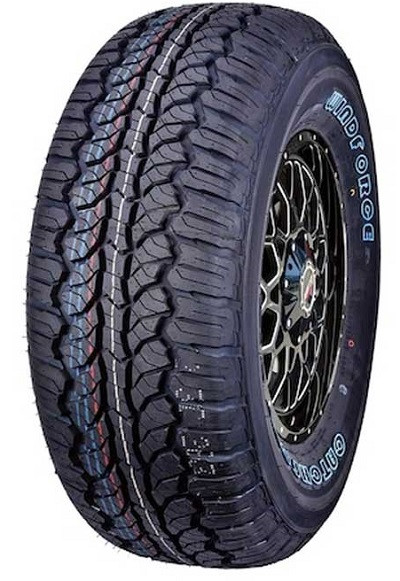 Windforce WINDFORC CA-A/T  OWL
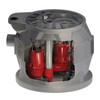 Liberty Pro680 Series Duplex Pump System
==
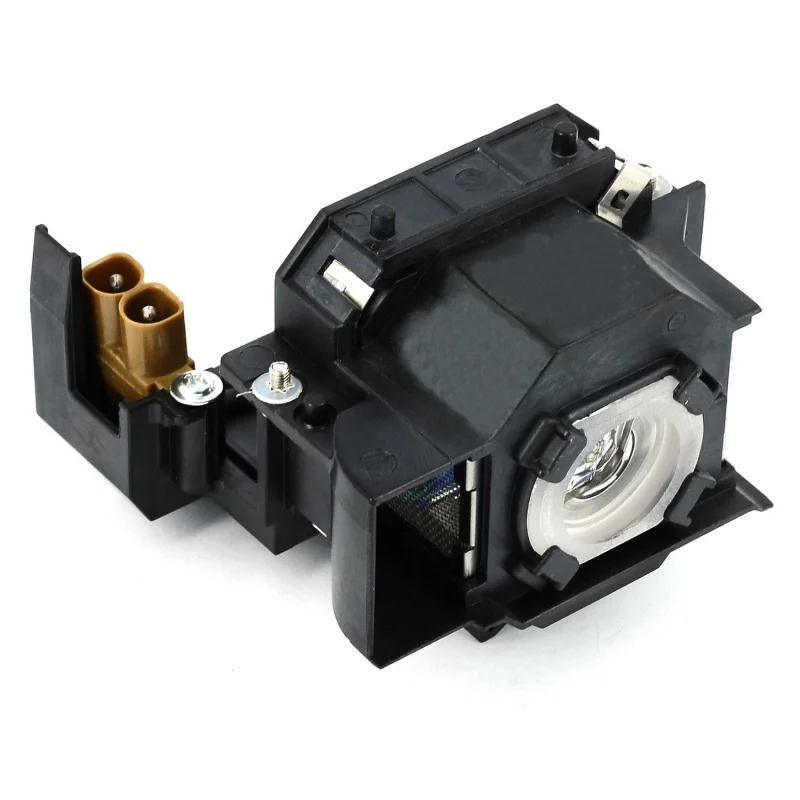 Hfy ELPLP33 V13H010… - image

▶ **Task requirements**
Skipping every picture, transcribe exactly the lines above from the one containing "Windforce WINDFORC CA-A/T" through the one containing "Liberty Pro680 Series Duplex Pump System", both included.

▶ **Response to the exercise**
 Windforce WINDFORC CA-A/T  OWL
 Liberty Pro680 Series Duplex Pump System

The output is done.